The attackers had called Twitter employees using false identities and tricked them into handing over credentials that gave them access to an internal company tool that let them reset the passwords and two-factor authentication setups of targeted user accounts.

Phone spear phishing,” also sometimes known as “vishing,” for “voice phishing,” is a form of social engineering. It’s not a new practice, but until recently the attacks were concentrated on phone carriers, largely in the form of “SIM swap” attacks in which a hacker would convince a telecom employee to transfer a victim’s phone service to a SIM card in their possession. They would then use that phone number to intercept two-factor authentication codes, or as a starting point to reset the passwords to cryptocurrency exchange accounts.

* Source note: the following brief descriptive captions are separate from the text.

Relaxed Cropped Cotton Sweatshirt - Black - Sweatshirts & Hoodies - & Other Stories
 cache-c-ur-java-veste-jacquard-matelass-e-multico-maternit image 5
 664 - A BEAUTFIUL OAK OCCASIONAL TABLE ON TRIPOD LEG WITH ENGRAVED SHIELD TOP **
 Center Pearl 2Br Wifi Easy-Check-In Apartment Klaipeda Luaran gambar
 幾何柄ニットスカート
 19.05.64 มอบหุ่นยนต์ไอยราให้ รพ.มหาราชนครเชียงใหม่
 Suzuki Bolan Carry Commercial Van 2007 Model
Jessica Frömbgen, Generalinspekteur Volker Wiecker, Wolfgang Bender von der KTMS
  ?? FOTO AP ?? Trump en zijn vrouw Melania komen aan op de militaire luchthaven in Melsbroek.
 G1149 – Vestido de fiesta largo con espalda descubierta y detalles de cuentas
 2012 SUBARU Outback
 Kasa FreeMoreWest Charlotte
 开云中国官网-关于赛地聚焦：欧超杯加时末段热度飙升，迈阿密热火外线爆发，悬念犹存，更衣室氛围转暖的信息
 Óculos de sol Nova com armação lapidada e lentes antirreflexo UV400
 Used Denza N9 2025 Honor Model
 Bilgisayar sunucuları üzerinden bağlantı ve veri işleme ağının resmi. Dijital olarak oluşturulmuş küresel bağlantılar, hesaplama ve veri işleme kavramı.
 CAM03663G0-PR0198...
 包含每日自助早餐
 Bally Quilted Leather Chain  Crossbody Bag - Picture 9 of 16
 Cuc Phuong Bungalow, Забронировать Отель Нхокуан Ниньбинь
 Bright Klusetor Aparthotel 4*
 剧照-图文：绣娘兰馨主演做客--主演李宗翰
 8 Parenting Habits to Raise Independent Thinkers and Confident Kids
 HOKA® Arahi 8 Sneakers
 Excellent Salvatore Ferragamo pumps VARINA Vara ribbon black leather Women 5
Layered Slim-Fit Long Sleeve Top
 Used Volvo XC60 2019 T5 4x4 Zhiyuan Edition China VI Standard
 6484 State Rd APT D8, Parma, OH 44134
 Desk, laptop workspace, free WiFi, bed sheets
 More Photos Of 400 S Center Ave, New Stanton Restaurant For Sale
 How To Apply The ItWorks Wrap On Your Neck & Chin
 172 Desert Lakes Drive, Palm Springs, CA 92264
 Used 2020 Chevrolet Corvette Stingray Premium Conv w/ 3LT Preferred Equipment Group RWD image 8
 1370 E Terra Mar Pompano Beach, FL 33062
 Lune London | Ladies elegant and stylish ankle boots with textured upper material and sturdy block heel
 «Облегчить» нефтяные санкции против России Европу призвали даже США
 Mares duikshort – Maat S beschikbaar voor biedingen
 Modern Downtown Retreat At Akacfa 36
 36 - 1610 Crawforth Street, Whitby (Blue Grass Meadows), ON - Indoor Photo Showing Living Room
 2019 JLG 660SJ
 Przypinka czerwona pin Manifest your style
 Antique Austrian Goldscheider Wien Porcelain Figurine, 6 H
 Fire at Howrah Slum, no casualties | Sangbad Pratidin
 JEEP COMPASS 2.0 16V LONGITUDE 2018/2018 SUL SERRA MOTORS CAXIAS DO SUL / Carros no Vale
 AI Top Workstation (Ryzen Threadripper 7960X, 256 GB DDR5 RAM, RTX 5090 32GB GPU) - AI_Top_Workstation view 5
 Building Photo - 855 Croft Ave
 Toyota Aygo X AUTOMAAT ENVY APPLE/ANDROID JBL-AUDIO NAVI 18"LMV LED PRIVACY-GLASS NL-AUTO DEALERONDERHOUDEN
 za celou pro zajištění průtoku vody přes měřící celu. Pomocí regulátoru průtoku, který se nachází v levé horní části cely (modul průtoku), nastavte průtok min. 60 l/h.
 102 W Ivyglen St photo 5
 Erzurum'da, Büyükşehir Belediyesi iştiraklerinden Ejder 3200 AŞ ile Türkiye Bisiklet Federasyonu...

The massive rise in remote working due to the COVID-19 pandemic has made phone-based social engineering far more powerful, and therefore businesses far more vulnerable to this type of attack than ever before.

How does it work?

A typical phone spear phishing works like this;

  1. Hackers scrape LinkedIn and corporate websites in conjunction with other data collection tools to build up a picture of the internal structure of an organisation. They use this knowledge to target predominantly new and inexperienced employees as they are easier to trick.
  2. The hackers then use a VoIP service to spoof their phone number. They attempt to establish trust with the victim by referencing seemingly private data such as the victim’s role at the company, their start date, or the names of their co-workers. In some cases, they’ll even ask the victim to check that they are who they say they are by looking them up in the company directory or collaboration software.
  3. When the victim seems convinced the scammer asks them to navigate to a fake login page, usually for a single sign-on portal like Duo or Okta—and enter their credentials.
  4. The hacker can see those details and enters them into the real login page at the same time. The real login page then prompts the victim to enter their two-factor authentication code. When the user enters the code into the fake site the hackers can also see it, and enter it into the real login page, allowing them to take over the account.
  5. The hackers’ fake login site, unlike the ones linked to in a phishing email, are normally created just for that one specific phone call. Once the hackers have stolen the victim’s credentials the site is taken down immediately. The vanishing website and the lack of email evidence makes this sort of phone-based engineering harder to detect than traditional phishing.

What can you do?

Some technologies, such as FIDO tokens and client certificates, can help defend against phone spear phishing, however the best protection is to ensure your staff are properly briefed. Make sure you explain the tactics that attackers will use to trick them and what a typical attack will look like. It’s also important to remind staff what your IT team will and won’t ask them for. If employees are ever unsure about the legitimacy of a call from IT, tell them to hang up and call the IT team back on the usual number.